**What is being asked**
In your reply, print every line of the listing exactly and omit all images.

**Data block**
•••

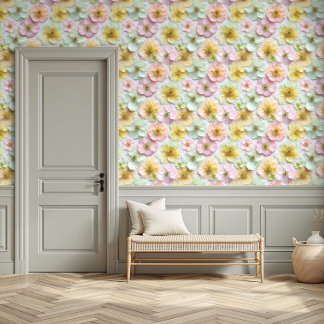 Cottagecore Pastel Floral Peel and Stick Mural Wallpaper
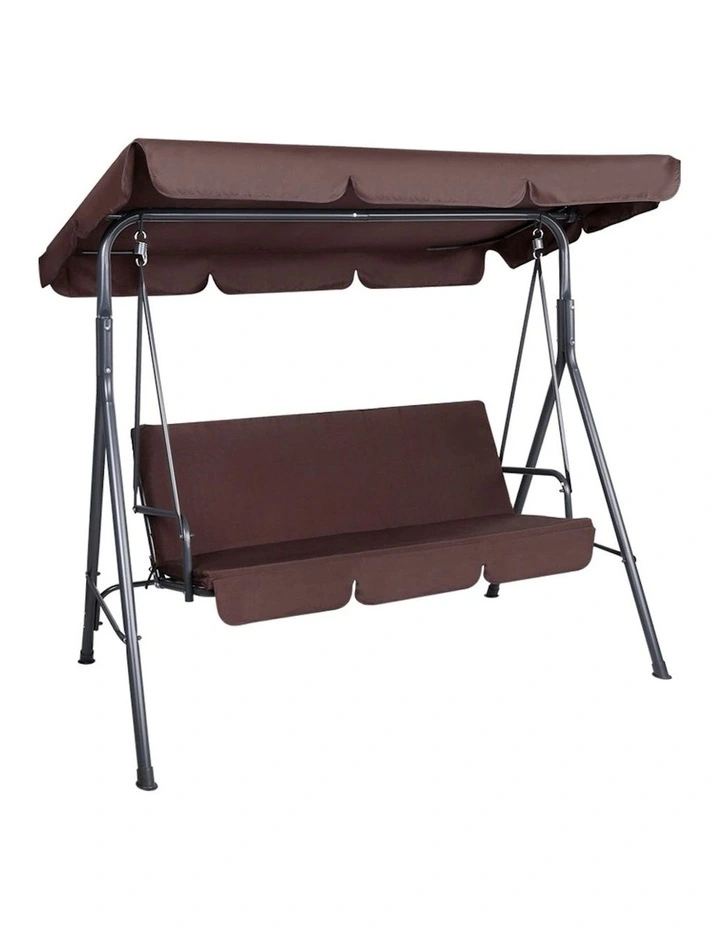 3 Seater Canopy Swing Chair in Brown
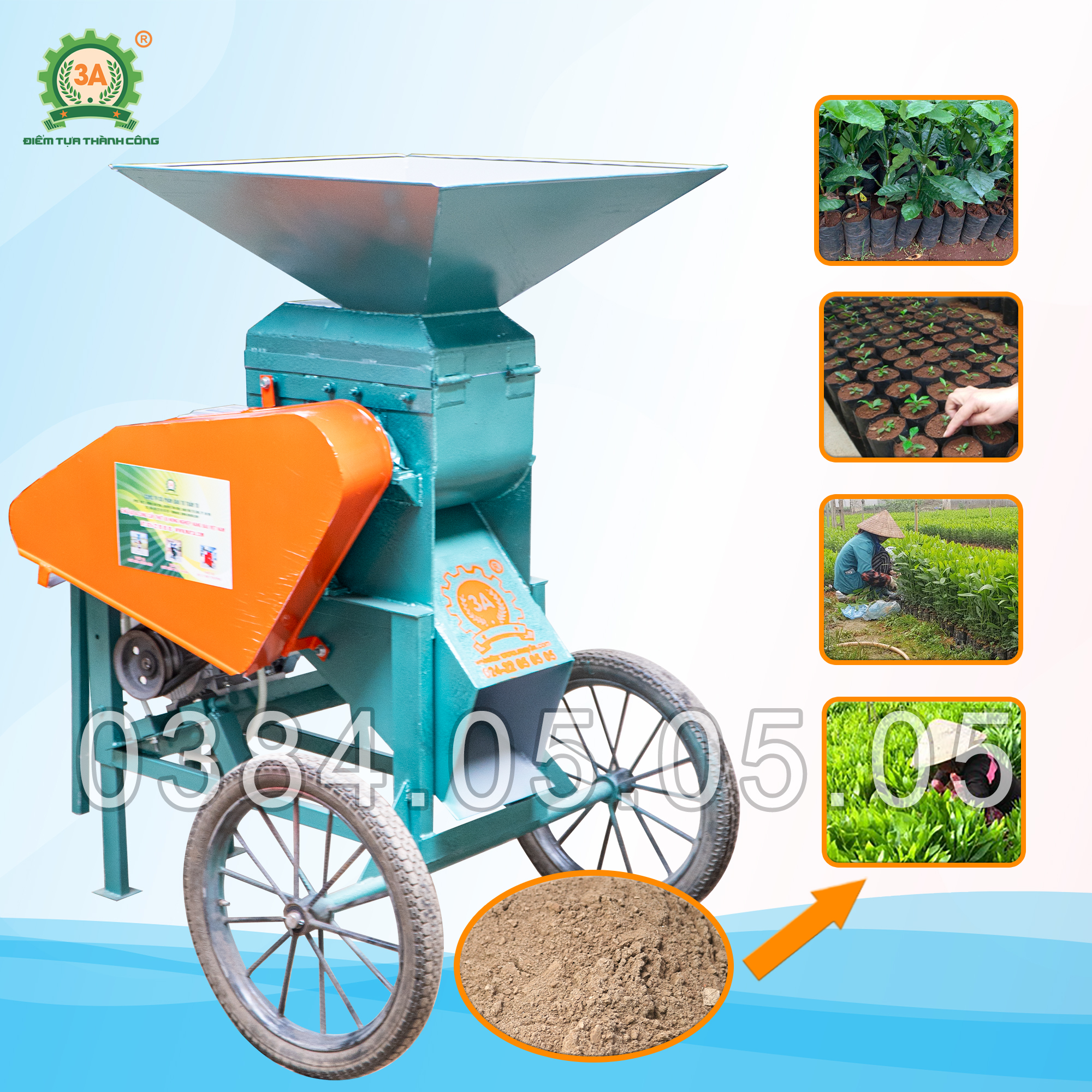 máy nghiền đất 2 tầng di động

•••

**Solved problem**
 Cottagecore Pastel Floral Peel and Stick Mural Wallpaper
 3 Seater Canopy Swing Chair in Brown
 máy nghiền đất 2 tầng di động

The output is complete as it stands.